Por Ricardo Henriques (*)

Parece ser consensual a ideia de que já não podemos viver sem as tecnologias de informação e de comunicação. A inovação tem permitido reduzir o seu custo, torná-las mais acessíveis e úteis a uma enorme variedade das nossas atividades quotidianas, ao ponto de nem nos apercebemos que em alguns aspectos nos tornamos dependentes desta tecnologia e do conforto e bem-estar que proporciona. Pelo menos até ao momento em que deixam de funcionar ou que colocam em risco a nossa segurança.

O avanço destas tecnologias traz consigo importantes vulnerabilidades sociais e materiais. O ciberespaço expõe o Estado, as empresas e os cidadãos a novas situações de risco e a outras que, embora já existam no mundo físico, se exponenciam nesse mundo virtual, fruto da maior exposição e alcance que as tecnologias proporcionam.

Um desses riscos e talvez aquele sobre o qual mais exemplos têm sido conhecidos é o da falta de privacidade. São inúmeros os exemplos de devassa da vida privada e de gravações e fotografias ilícitas.
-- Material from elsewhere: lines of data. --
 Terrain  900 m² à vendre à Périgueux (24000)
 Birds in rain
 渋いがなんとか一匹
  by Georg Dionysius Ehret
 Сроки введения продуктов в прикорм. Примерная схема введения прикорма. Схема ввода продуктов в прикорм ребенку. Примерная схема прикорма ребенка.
Têm sido divulgados, com uma frequência preocupante, diversos exemplos de tecnologias que, quer por utilização mal-intencionada ou simplesmente descuidada, quer por defeito de conceção dos aspectos relacionados com a sua segurança, podem por em causa este direito fundamental.
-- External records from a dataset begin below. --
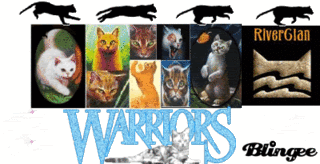 "Warriors" The Saga By Erin Hunter. Role Playing banner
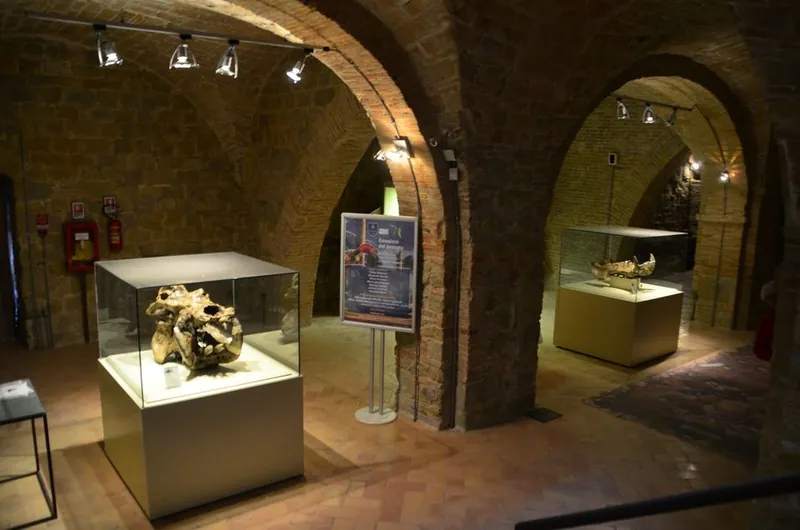 Museo di scienze naturali dell’Università di Camerino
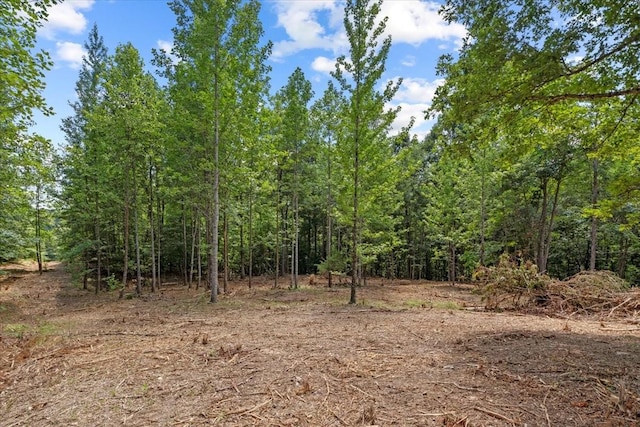 0 Upper Creek Rd, Vanleer, TN 37181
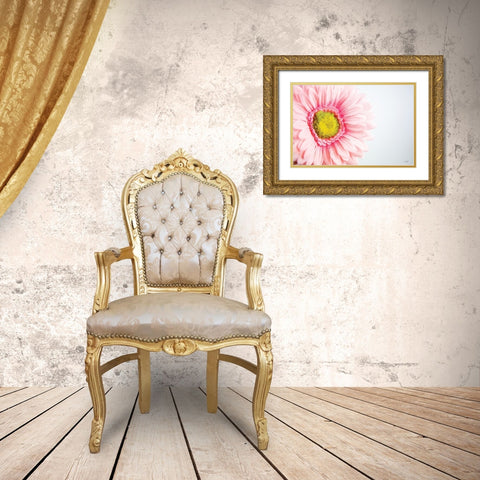 Daisy Close-up Gold Ornate Wood Framed Art Print with Double Matting by Quillen, Donnie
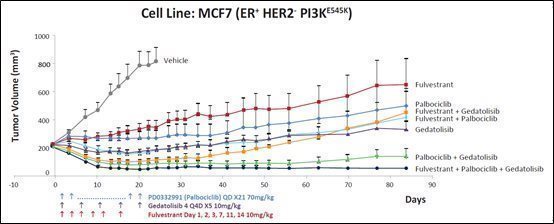 celc_10qimg1.jpg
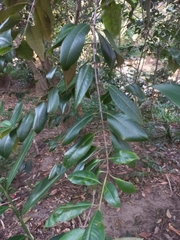 Backhousia citriodora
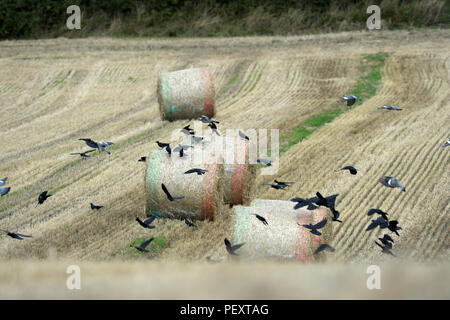 Il floccaggio di volatili oltre il campo di mais Foto Stock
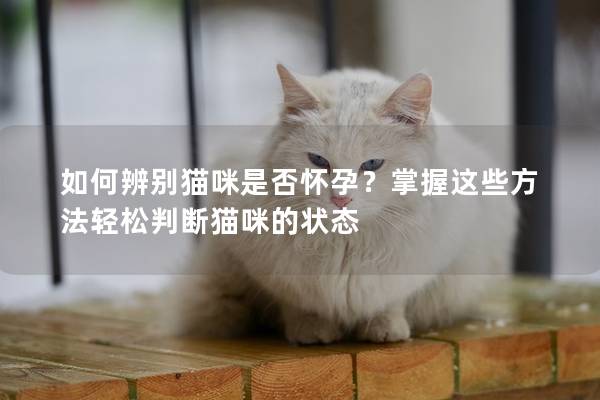 如何辨别猫咪是否怀孕？掌握这些方法轻松判断猫咪的状态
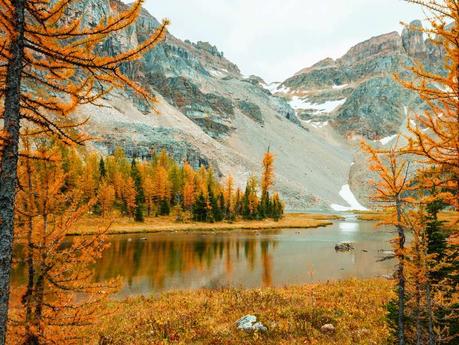 Fall Hiking: 7 Essential Tips to Stay Warm and Safe On Your Fall Hike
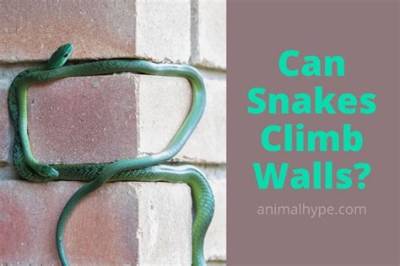 Can Snakes Chew Through Walls?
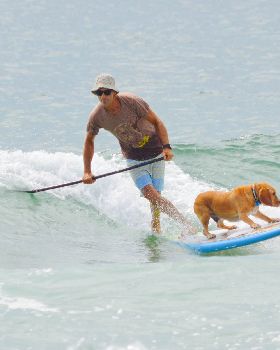 Stand Up Paddle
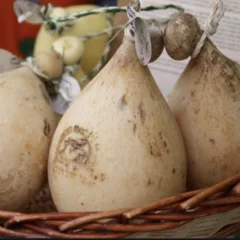Caciocavallo Podolico Basilicata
Se a mais recente moda dos drones com câmaras ou as conhecidas webcams eram já motivo de apreensão, outros produtos suscitam ainda maiores preocupações, como sejam os monitores de bebés ou os “brinquedos inteligentes” (que interagem com as crianças recorrendo a ligações à internet para interpretar aquilo que estas dizem e produzir uma resposta relacionada), transmitindo ou armazenando as suas imagens, vozes ou outros dados pessoais e que, pela sua aparente inofensividade, se não incorporarem as proteções necessárias, podem expor as crianças a sérias ameaças.
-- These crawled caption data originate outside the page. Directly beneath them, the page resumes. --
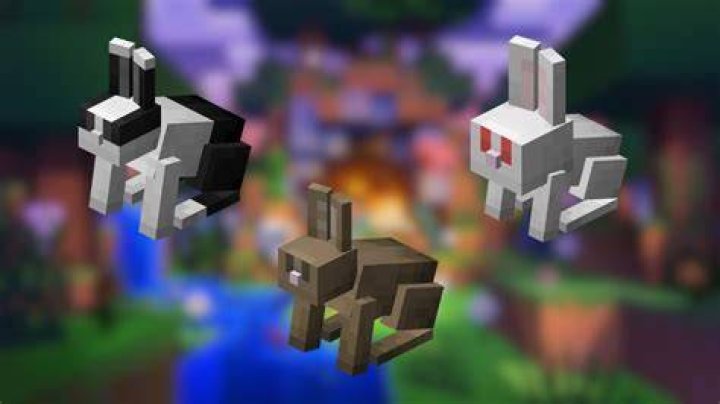 Minecraft how to tame a bunny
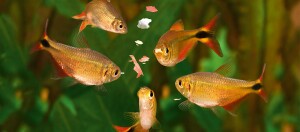 Fische essen Flockenfutter im Aquarium.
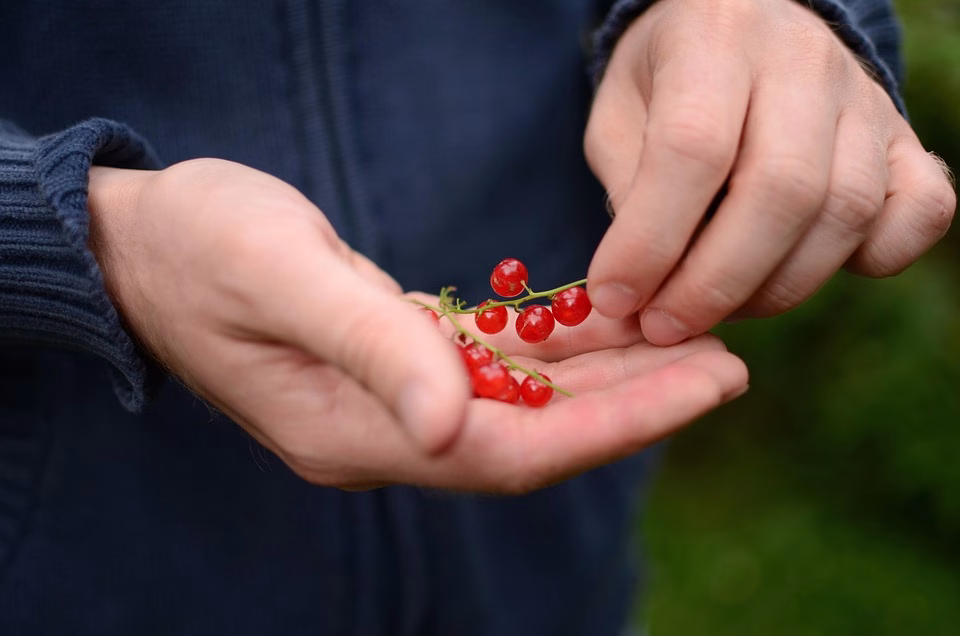 Juggling Responsibilities: Effective Techniques for Work-Life Integration Juggling Responsibilities: Effective Techniques for Work-Life Integration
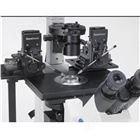 XenoWorks显微注射仪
O relato de utilizações e divulgações não autorizadas dos dados recolhidos por aparelhos como estes, mostra que as empresas de tecnologia não estão a fazer o suficiente para garantir a segurança e privacidade online dos utilizadores, em especial das crianças, que representam um grupo com necessidades distintas e mais exigentes no que toca às medidas de segurança que devem ser implementadas para impedir o acesso por terceiros aos dados recolhidos.

A internet das coisas está a trazer muitos outros dispositivos “inteligentes” (ligados à internet) ao mercado, como as televisões, frigoríficos, lâmpadas, balanças e relógios, e brevemente chegará também a outros objetos que poderão representar riscos de segurança acrescidos, sendo o melhor exemplo dessa realidade os automóveis.

Embora haja quem defenda que os consumidores conseguem pesar os custos da perda de privacidade em contrapartida dos benefícios das novas funcionalidades e outras vantagens a estas associadas, para que estes produtos possam ser bem aceites no mercado, será essencial que os fabricantes mantenham a confiança dos consumidores, fazendo depender a sua privacidade e segurança o mínimo possível da sua iniciativa, apostando num desenho e conceção dos produtos que integre esta preocupação.